Indication of Interest (IOI)

An informal, non-binding letter expressing a buyer’s serious interest in a business, typically preceding a formal Letter of Intent (LOI).

Letter of Intent (LOI)

A formal document outlining the proposed terms of the acquisition. While largely non-binding, it usually includes binding clauses regarding Exclusivity (No-Shop) and Confidentiality.

LBO (Leveraged Buyout)

The acquisition of a company using a significant amount of borrowed money (debt) to meet the cost of acquisition. The assets of the company being acquired are often used as collateral for the loans.


M – S: Valuation & Sourcing

Multiple

The factor by which a business’s earnings (SDE or EBITDA) are multiplied to determine the Enterprise Value.

Proof of Funds (POF)

A document (usually a bank statement or letter) demonstrating that a buyer has the liquid capital required to cover the down payment of an acquisition.

SDE (Seller’s Discretionary Earnings)

The most common metric for valuing small businesses ($0–$5M revenue). It represents the total financial benefit to a single owner-operator.

Seller Financing

A loan provided by the seller to the buyer to cover part of the purchase price.
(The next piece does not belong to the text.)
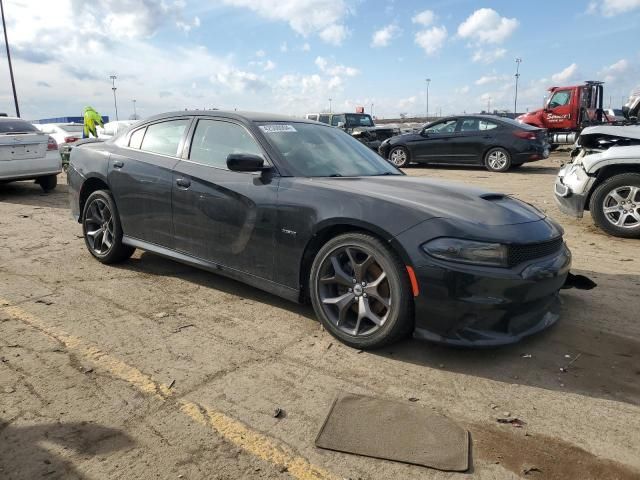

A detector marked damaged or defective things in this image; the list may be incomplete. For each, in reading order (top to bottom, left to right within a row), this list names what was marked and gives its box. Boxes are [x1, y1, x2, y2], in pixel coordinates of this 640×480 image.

This demonstrates the seller’s confidence in the business’s future success.


T – Z: Closing & Transition

Working Capital Peg

The target amount of working capital (Current Assets minus Current Liabilities) that must be left in the business at the time of closing to ensure smooth operations post-transition.

Vesting

In an acquisition context, this often refers to “Earn-outs” or equity given to the seller or key employees that they “earn” over time based on performance or tenure.